Python for Data Science and Machine Learning Bootcamp

Python for Data Science and Machine Learning Bootcamp

This course begins with a straightforward introduction to Python and setting up your environment with Anaconda and Jupyter Notebooks, ensuring you have the necessary tools at your disposal.

Quickly moving on, you’ll dive into Python programming through an engaging crash course.

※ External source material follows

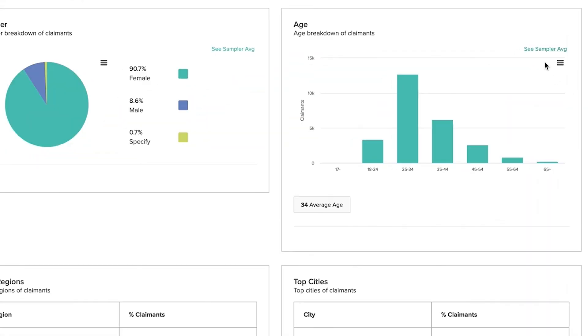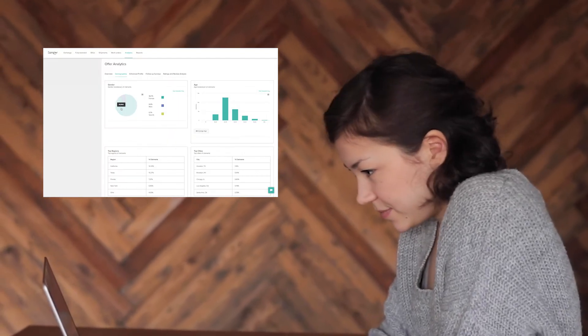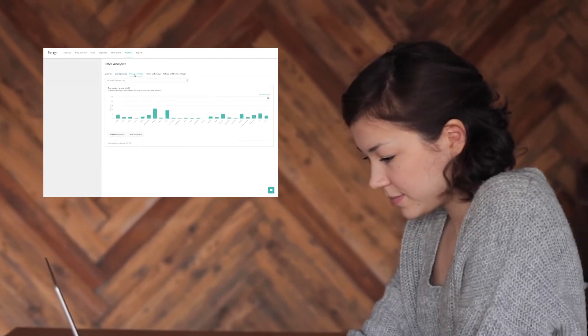The best part? You'll collect consumer insights and feedback, and get real-time campaign analytics at a cost on par with traditional sampling. Transform untargeted and unscalable sampling tactics into a data-driven powerhouse that gives you the results you need to grow your brand.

This section equips you with the foundational skills needed for data analysis, preparing you for the more complex topics ahead.

The course then guides you through essential libraries like NumPy and Pandas, pivotal for data manipulation, followed by an in-depth exploration of data visualization tools including Matplotlib, Seaborn, and Plotly.

These segments are packed with exercises and projects, allowing you to apply what you’ve learned in practical scenarios.

When it comes to machine learning, the course covers a broad spectrum of algorithms from Linear Regression to Neural Networks, offering both theoretical knowledge and Python implementation practices.

You’ll get hands-on experience with TensorFlow and Keras in the Neural Nets and Deep Learning section, preparing you for the latest advancements in the field.

Additionally, the course introduces Big Data and Spark with Python, teaching you how to handle large datasets using Spark and AWS.

This inclusion ensures you’re well-versed in a crucial aspect of modern data science.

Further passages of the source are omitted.